Taking such notes into account, the deepening of the research work has as part of its scope/space/time the perception of how the uses of different indigenous communications devices are established and how these processes can bring new elements to indigenous peoples, such as training procedures linked to intercultural education, affirmation of identities, networks of solidarity and management of struggles in connection with their daily life, whether at schools, communities or through social movements.

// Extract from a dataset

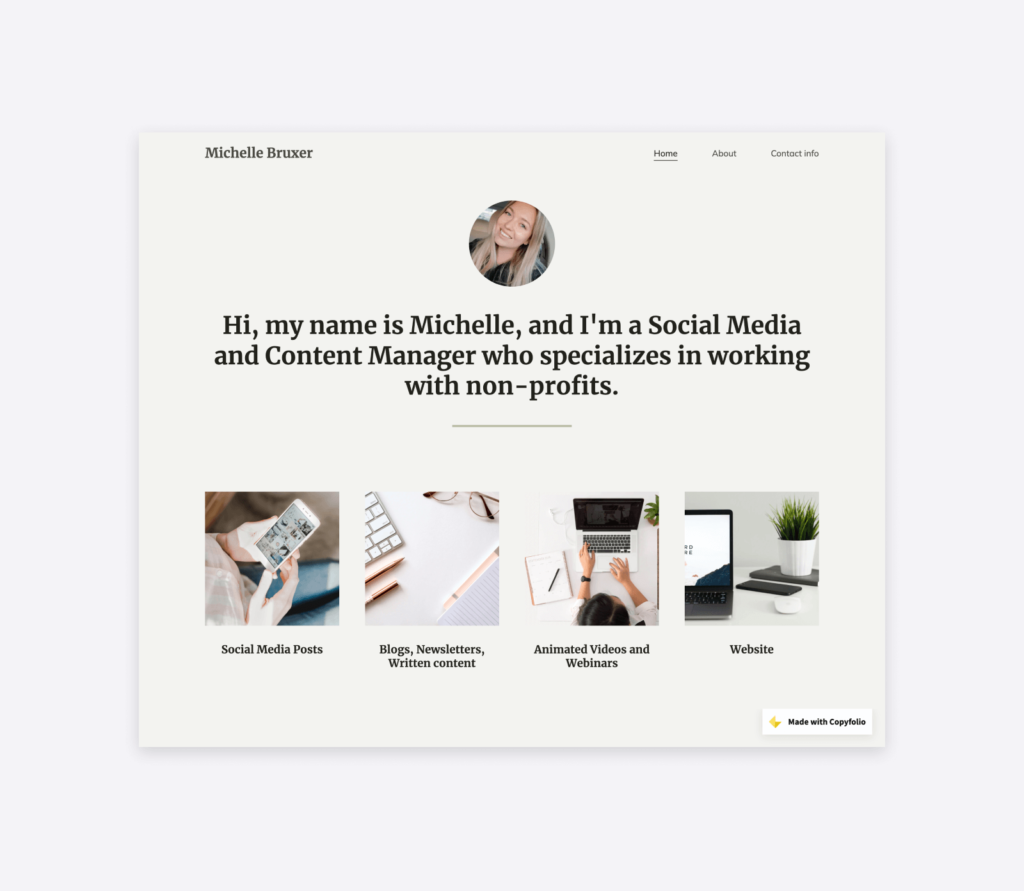 Screenshot of the portfolio website of Michelle Bruxer, social media and content manager.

Ethnocommunication as an everyday device of (de)colonial power, knowledge, being, and language

The daily decolonial and anti-hegemonic struggle carries with it contemporary components of communication/education, such as digital technologies, and summons us to think about their appropriation by indigenous people in their own way, their rhythms, and aspects of ancestry. It also exposes, through non-indigenous communicative components, demands for justice, epistemologies, and knowledge of indigenous peoples themselves (NASCIMENTO, 2020).

It is precisely in this sense that we bring in as references intellectuals/militants/researchers that are predominantly Latin American, such as Gersem Luciano, Paulo Freire, Aníbal Quijano, Enrique Dussel, Walter Mignolo, Ramón Grosfoguel, Arturo Escobar, Catherine Walsh, Nelson Maldonado Torres, among others, who cause ruptures in modern Western thought and dialogue on the hegemonic perspectives interwoven by the epistemic imposition processes, inherited by the colonization of South and Central Americas.

Among the guests for this dialogue, the Argentinean thinker Walter Mignolo (2006) weaves his criticisms to denounce the “imperialism of postcolonial cultural studies”, since these give recognition to thoughts based on Eurocentric theoreticians. Mignolo discusses colonial heritage in Latin America and the Caribbean, proposing a definitive break with Eurocentric epistemic colonialism to study Latin American issues, taking as reference its own specificities.

In most studies, decolonial authors establish a break with Eurocentric thinking, starting from the Modernity/Coloniality (M/C) group. However, in this work we highlight that, in addition to the abovementioned intellectuals, the untold history highlights the production dynamics by other decolonial thinkers, whose epistemologies are not exactly Westernized and did not use to circulate in academic spaces, such as the critical productions by outstanding indigenous researchers, currently more recognized in Brazilian academia, like Ailton Krenak, who has a crucial intellectual production, befitting the current moment.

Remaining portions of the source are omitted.